La relation de travail était soumise, initialement, à la convention collective nationale des industries chimiques.
Suivant avenant, Mme [C] est devenue animatrice de boutique à compter du 1er janvier 2016. La convention collective nationale des commerces de détail non alimentaires s’est alors appliquée. Mme [C] était classée dans la catégorie employés, niveau 5.
Mme [C] a été placée :
– en arrêt maladie du 29 novembre 2017 au 12 janvier 2018 ;
– en congé maternité du 13 janvier 2018 au 8 mai 2018 ;
– en congé parental à temps partiel (121,34 heures par mois) à compter du 1er juin 2018 ;
– en arrêt maladie à compter du 17 novembre 2018.
Par LRAR du 3 janvier 2019, la SAS Graine de Pastel a convoqué Mme [C] à un entretien préalable au licenciement fixé le 23 janvier 2019, puis l’a licenciée par LRAR du 4 février 2019. La relation de travail a pris fin au 5 avril 2019. La SAS Graine de Pastel a versé à Mme [C] une indemnité de licenciement de 1.707 €.
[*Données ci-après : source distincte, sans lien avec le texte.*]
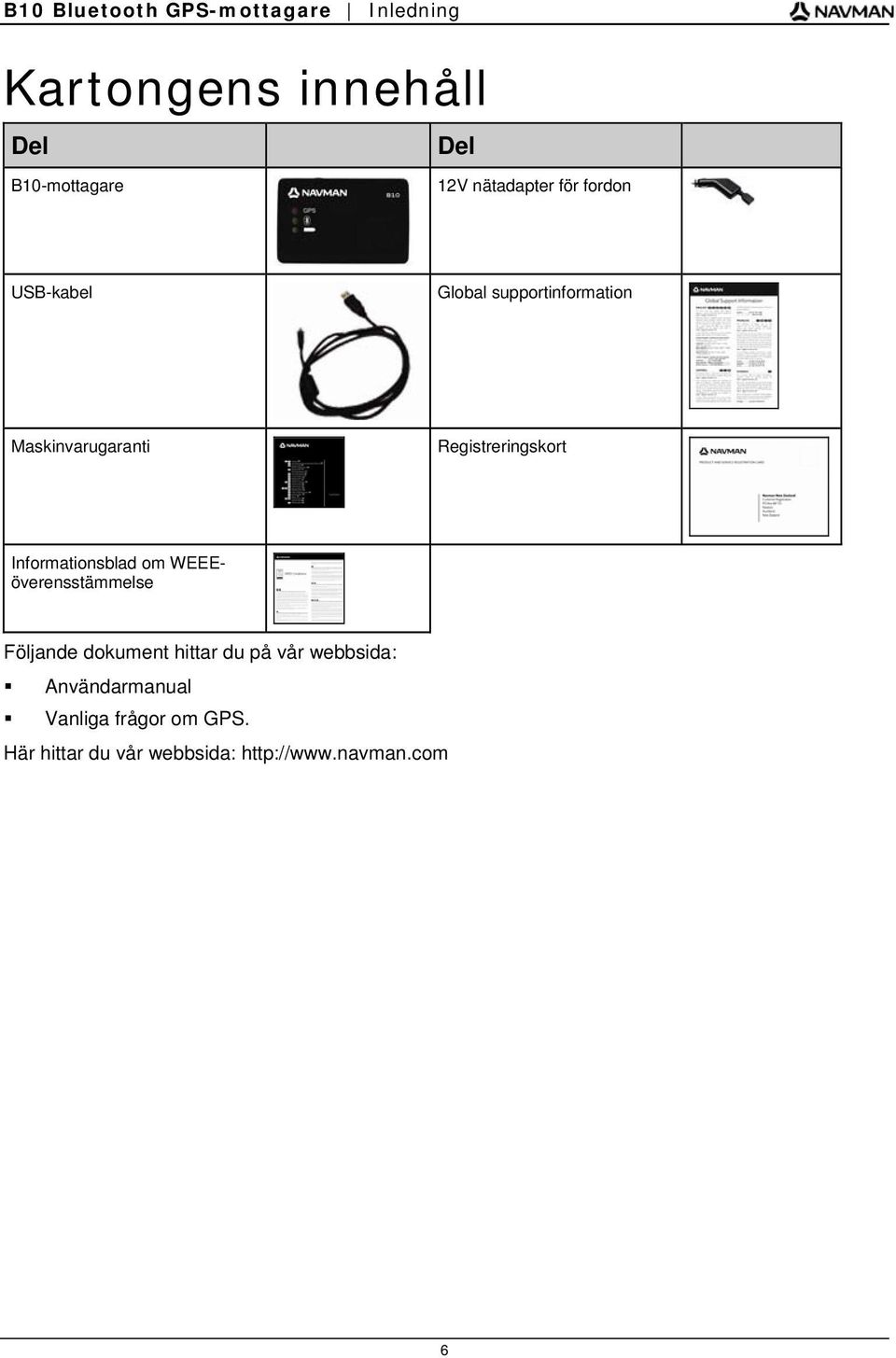 Registreringskort Informationsblad om WEEEöverensstämmelse Följande dokument hittar du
Le 4 février 2020, Mme [C] a saisi le conseil de prud’hommes de Toulouse aux fins notamment de paiement de rappels de salaires en qualité d’agent de maîtrise, de dommages et intérêts en réparation des préjudices liés à la sous-classification et de dommages et intérêts pour rupture abusive du contrat de travail.
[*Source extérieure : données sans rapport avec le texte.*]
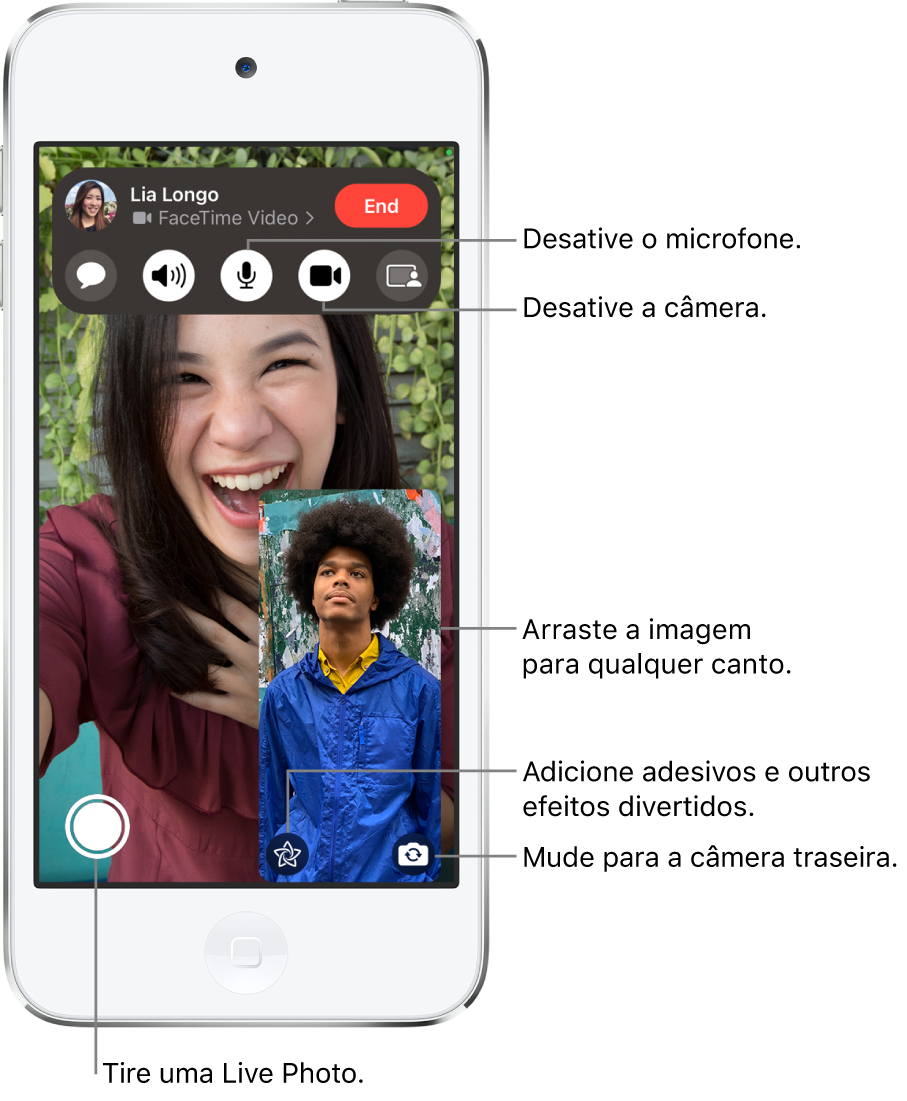 Uma ligação do FaceTime em andamento. A sua imagem aparece em um quadrado menor no canto inferior direito e a imagem da outra pessoa preenche o restante da tela. Ao longo da parte inferior da tela estão os botões Live Photo, Efeitos e Inverter Câmera. Os controles do FaceTime estão na parte superior da tela, incluindo Abrir Mensagens, Áudio, Mudo Desativado, Câmera Ativada e Compartilhar Conteúdo. Na parte superior dos controles estão o nome ou ID Apple da pessoa com quem você está conversando e o botão Desligar.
Par jugement du 4 novembre 2021, le conseil de prud’hommes de Toulouse a :
– dit que la classification de Mme [C] est correcte et correspond à la réalité de son poste de travail,
– débouté Mme [C] de sa demande de classification au niveau 6 et en conséquence de sa demande de rappel de salaire et congés y afférents et par voie de conséquence de sa demande de dommages et intérêts en réparation du préjudice subi,
– dit que la SAS Graine de Pastel n’a pas commis d’acte de discrimination à l’encontre de Mme [C],
– dit que le licenciement de Mme [C] n’est pas entaché de nullité pour discrimination,
– débouté Mme [C] de sa demande de nullité du licenciement au regard de son état de mère et de son état de santé et par voie de conséquence de sa demande de dommages et intérêts pour rupture abusive du contrat de travail,
– dit que le licenciement de Mme [C] repose sur une cause réelle et sérieuse,
– débouté Mme [C] de ses demandes pour licenciement sans cause réelle et sérieuse,
– débouté les parties de leurs demandes au titre de l’article 700 du code de procédure civile,
– débouté les parties du surplus de ses demandes,
– condamné Mme [C] aux entiers dépens.
Mme [C] a relevé appel de ce jugement le 17 décembre 2021, dans des conditions de forme et de délai non discutées, en énonçant dans sa déclaration d’appel les chefs critiqués.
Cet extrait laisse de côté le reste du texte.